Mountain Man - Notable Figures

Notable Figures

  • George Drouillard (1774/75?–1810). Hunter, interpreter, sign-talker on the Lewis and Clark Expedition. Often considered as one of Lewis' two most appreciated members with John Colter. Born to a French Canadian and Shawnee mother in Detroit, Drouillard proved to be the most skillful hunter on the expedition, notably during the harsh wintering in Fort Clatsop. He eventually went on trapping in today's Wyoming and Montana after the expedition, working for Manuel Lisa Missouri Fur Company he had signed on with in 1807. Often venturing out alone like John Colter, notably to the headwaters of the Big Horn River from the Yellowstone and around the Three Forks of the Missouri, George Drouillard was savagely killed in May 1810 by Blackfeet Indians in the Three Forks area.
  • Jim Beckwourth (1800–1866) born into slavery, came to Missouri with his parents and was freed by his father. He started working with the Ashley expedition, signed on with the Rocky Mountain Fur Company, and became a well-known mountain man. He lived with the Crow for years and became a war chief. He was the only African American in the West to have his life story published (1856). He was credited with the discovery of Beckwourth Pass in the Sierra Nevada in 1850, and improved a Native American path to create what became known as the Beckwourth Trail through the mountains to Marysville, California.
  • Jim Bridger (1804–1881) came west in 1822 at the age of 17, as a member of Ashley's Hundred exploring the Upper Missouri drainage. He was among the first non-natives to see the geysers and other natural wonders of the Yellowstone region. He is also considered one of the first men of European descent, along with Étienne Provost, to see the Great Salt Lake. Because of its salinity, he first believed it to be an arm of the Pacific Ocean. In 1830, Bridger purchased shares in the Rocky Mountain Fur Company. He established Fort Bridger in southwestern Wyoming. He was also well known as a teller of tall tales.

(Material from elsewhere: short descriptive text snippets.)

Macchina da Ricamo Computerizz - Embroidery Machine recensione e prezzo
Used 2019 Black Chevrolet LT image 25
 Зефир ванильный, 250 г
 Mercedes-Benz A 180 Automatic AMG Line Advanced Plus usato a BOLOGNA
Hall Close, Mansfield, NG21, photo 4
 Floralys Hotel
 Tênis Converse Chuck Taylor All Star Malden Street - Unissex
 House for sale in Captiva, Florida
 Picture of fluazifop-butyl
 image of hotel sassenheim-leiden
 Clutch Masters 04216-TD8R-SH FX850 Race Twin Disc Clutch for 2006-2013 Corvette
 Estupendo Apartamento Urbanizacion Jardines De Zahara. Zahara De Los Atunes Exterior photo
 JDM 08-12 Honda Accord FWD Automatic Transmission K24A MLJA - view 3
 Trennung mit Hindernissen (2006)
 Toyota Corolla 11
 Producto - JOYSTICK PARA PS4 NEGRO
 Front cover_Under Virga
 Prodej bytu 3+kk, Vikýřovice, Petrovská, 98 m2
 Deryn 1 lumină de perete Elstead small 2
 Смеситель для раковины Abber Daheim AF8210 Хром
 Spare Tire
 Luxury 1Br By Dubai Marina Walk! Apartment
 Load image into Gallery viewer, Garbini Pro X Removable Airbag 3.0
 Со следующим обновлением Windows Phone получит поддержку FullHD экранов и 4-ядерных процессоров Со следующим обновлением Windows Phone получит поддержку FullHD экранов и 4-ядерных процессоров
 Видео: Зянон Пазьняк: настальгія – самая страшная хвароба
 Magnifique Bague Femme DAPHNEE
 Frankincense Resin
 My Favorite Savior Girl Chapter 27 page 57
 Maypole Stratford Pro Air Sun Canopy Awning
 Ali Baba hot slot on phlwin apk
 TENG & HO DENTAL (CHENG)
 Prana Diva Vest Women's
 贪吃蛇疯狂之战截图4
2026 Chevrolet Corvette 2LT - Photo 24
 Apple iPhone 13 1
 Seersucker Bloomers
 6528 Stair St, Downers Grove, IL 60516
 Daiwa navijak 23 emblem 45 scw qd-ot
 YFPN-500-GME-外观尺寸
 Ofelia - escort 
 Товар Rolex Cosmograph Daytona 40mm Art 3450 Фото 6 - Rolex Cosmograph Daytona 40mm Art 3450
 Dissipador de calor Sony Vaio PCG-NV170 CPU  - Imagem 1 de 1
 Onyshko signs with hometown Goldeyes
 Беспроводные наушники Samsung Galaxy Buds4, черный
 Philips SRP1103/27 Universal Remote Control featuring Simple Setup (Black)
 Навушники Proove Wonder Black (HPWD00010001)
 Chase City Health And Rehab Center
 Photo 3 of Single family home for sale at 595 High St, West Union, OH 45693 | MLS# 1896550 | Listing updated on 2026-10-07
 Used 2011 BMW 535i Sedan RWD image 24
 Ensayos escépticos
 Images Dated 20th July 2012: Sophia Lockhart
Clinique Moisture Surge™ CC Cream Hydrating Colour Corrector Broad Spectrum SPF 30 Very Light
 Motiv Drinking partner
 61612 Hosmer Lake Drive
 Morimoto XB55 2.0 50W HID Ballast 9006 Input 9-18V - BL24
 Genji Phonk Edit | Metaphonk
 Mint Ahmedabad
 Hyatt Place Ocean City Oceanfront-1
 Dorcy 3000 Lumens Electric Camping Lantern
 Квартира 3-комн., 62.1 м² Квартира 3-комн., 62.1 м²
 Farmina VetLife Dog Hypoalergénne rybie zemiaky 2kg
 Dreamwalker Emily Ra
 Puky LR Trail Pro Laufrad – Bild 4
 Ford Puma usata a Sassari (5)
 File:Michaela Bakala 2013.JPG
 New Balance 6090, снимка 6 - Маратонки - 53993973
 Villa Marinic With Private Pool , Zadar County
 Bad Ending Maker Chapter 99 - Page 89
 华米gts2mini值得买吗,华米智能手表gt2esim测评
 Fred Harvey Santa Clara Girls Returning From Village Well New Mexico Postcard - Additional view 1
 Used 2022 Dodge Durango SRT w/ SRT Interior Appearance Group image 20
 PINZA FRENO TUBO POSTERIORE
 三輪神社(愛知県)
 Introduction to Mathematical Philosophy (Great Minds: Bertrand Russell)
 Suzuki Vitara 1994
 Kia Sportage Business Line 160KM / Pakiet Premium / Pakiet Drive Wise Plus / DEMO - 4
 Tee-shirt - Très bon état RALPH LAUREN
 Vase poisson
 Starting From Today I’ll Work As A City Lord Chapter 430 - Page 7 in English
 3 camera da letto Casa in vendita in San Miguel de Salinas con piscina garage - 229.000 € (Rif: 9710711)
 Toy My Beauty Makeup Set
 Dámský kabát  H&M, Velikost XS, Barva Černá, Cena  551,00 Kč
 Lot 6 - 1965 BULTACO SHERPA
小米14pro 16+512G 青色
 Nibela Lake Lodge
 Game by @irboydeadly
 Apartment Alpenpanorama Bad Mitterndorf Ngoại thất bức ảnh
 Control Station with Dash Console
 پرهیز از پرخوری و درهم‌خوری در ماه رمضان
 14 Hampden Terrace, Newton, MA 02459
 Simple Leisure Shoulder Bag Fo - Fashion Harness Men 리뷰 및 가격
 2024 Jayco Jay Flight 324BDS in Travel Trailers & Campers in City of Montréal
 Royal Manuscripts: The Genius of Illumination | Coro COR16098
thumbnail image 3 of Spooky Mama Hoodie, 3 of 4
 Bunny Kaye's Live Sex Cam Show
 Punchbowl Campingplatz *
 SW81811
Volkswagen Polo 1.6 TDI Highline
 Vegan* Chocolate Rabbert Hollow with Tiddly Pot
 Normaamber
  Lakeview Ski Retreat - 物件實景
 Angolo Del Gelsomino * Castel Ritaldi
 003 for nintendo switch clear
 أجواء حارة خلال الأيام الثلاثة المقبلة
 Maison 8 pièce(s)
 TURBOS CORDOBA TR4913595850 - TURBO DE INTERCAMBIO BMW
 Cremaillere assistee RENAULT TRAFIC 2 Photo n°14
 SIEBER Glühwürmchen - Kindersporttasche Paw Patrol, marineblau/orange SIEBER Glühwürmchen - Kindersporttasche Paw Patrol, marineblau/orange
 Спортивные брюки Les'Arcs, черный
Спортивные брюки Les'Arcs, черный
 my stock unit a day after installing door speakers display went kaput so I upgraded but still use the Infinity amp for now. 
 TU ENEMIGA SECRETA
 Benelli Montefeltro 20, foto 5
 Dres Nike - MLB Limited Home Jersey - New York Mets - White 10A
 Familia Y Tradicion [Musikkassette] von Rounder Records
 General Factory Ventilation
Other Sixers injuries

  • John Colter (1774–1812), one of the first mountain men, was a member of the Lewis and Clark Expedition. He later became the first European man to enter Yellowstone National Park, and to see what is now Jackson Hole and the Teton Mountain Range. His description of the geothermal activity there seemed so outrageous to some that the area was mockingly referred to as Colter's Hell. Colter's narrow escape following capture by Blackfeet, leaving him naked and alone in the wilderness, became a legend known as "Colter's Run".
  • Kit Carson (1809–1868) achieved notability for his later exploits, but he got his start and gained some recognition as a trapper. Carson explored the west to California, and north through the Rocky Mountains. He lived among and married into the Arapaho and Cheyenne tribes. He was hired by John C. Fremont as a guide, and led 'the Pathfinder' through much of California, Oregon and the Great Basin area. He achieved national fame through Fremont. Stories of his life as a mountain man turned him into a frontier hero-figure: the prototypical mountain man of his time.
  • John "Liver-Eating" Johnson (1824–1900) was one of the more notable latter-day mountain men. Johnson worked in Wyoming and Montana, trapping for beaver, buffalo and wolf hides. Unaffiliated with a company, Johnson bargained independently to get prices for his hides. Elements of his story were portrayed in the film Jeremiah Johnson. Dennis McLelland wrote a biography about him.
  • Joseph Lafayette "Joe" Meek (1810–1875) was a trapper, law enforcement official, and politician in the Oregon Country and later Oregon Territory of the United States. A pioneer involved in the fur trade before settling in the Tualatin Valley, Meek would play a prominent role at the Champoeg Meetings of 1843 where he was elected as a sheriff. Later he served in the Provisional Legislature of Oregon before being selected as the United States Marshal for the Oregon Territory.
  • Jedediah Smith (1799 - circa 1831) was a hunter, trapper, and fur trader whose explorations were significant in opening the American West to settlement by Europeans and Americans. Smith is considered the first man of European descent to cross the future state of Nevada; the first to traverse Utah from north to south and from west to east; and the first American to enter California by an overland route. He was also first to scale the High Sierra and explore the area from San Diego to the banks of the Columbia River. He was a successful businessman and a full partner in the Rocky Mountain Fur Company after the departure of Ashley. Smith had notable facial scarring from a grizzly bear attack.